Wikimedia publishes a list of the de-listing notifications it receives here — which also indicates that its content has so far been targeted by very few of these de-listing requests.
Frankly if anyone should be worried here it’s Facebook — which, according to Forget.me, comes out as the top domain for type of website targeted by a de-listing request, followed by Google.com (covering Google+, Google Groups, Google product forum, Picasa, Google profile); YouTube, Twitter and LinkedIn.
The European Court of Justice ruling specifically pertains to search engines — judging them to be data controllers and therefore requiring them to accept and process de-listing requests. But a social networking platform of the massive size of Facebook arguably holds a similar power to foreground users’ information as Google does.
Mainstream online media not likely to be forgotten
The Forget.me data also shows a breakdown of de-listing requests that have been refused based on content type. This shows Google is most likely to refuse requests to de-list content on mainstream online media channels — with 100% of Wikipedia de-listing requests refused thus far, and 93% of those pertaining to press websites denied.

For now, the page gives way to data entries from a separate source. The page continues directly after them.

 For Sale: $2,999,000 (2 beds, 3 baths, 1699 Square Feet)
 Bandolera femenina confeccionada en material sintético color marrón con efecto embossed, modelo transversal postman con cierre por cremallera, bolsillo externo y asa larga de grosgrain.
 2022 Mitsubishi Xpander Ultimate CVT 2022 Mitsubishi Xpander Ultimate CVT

On the flip side, the type of online content Google is most likely to agree to de-list a private individual’s person information from is the directories/content readers category — so sites that, for instance publish individuals’ contact details. Here just 28% of requests to de-list data were refused by Google, according to Forget.me.

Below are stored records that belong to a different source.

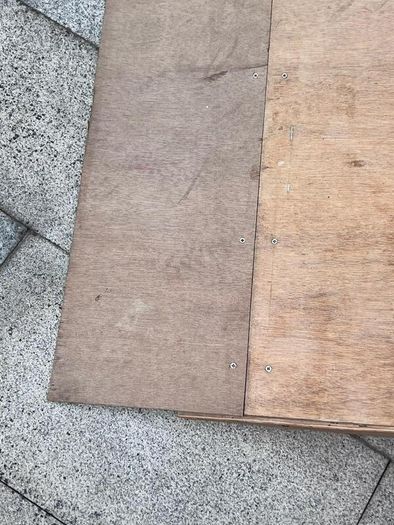 Skateboard Quarter Pipe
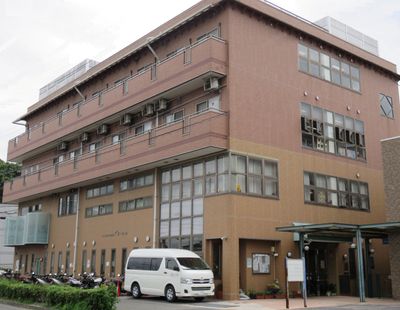 大きな建物の外観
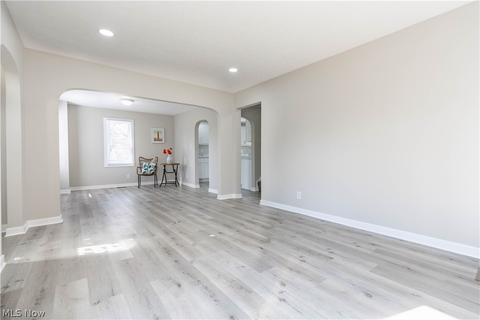 5590 Dailey Rd, New Franklin, OH 44319 photo 7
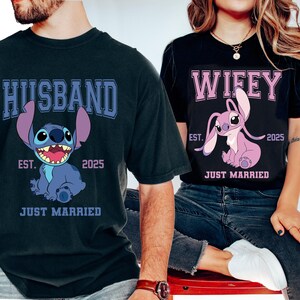 Puede incluir: Dos camisetas negras a juego con personajes de dibujos animados. Una dice "Husband" con Stitch azul y "Just Married". La otra dice "Wifey" con Angel rosa y "Just Married". Ambas camisetas tienen "Est. 2025".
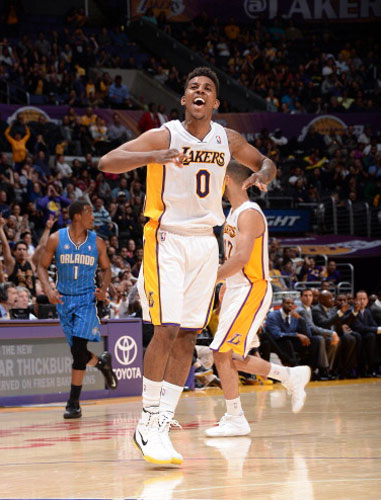 记者：卡马文加和赫伊森几乎肯定无法参加对阵曼城的比赛（记者：卡马文加、赫伊森基本无缘战曼城）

On the social network side, Google is still denying the majority of de-listing requests — turning down 61% of Forget.me requests thus far.
The most commonly targeted directories/content readers for de-listing requests are yasni, 192.com, yatedo, profileengine.com and dastelefonbuch.com, according to the data.
For press websites the U.K.’s Daily Mail comes out on top, accounting for 8% of submitted requests, followed by The Guardian (6%) and stokesentinel.co.uk (6%); The Telegraph (5%); and nouvelobs.com (3%).
For blogs, blogspot.com (36%) and wordpress.com (23%) websites account for the lion’s share of de-listing requests, followed in a distant third place by tumblr.com (6%).
Reputation VIP has also crunched data on where within Google results de-listing requests fall. Close to half (45%) of URLs being submitted for de-listing appear on the first page of Google results; while a fifth (20%) appear on the second page; and just 10% appears on the third page. A quarter of results pertain to Google results that lie beyond the third page of a search result.
This suggests the greatest concern for individuals who are making de-listing requests is the prominence of their personal information on Google — i.e. rather than a desire for total erasure.
Again that stands in contrast to the most vociferous criticisms of the rtbf ruling which have focused on the binary idea of ‘knowledge deletion’ or censorship — with free speech campaigners refusing to see value in the concept that some information storage should be layered or sedimented. Aka the idea that gradually forgetting something can be a core enabler in societies by facilitating change to personal identities, and allowing our social relations to adapt and grow.
Individuals’ relationships with their personal information — as reflected in this Forget.me data-set, with its focus on social network outlets and prominent search results — certainly appears more nuanced than critics of the ruling have suggested.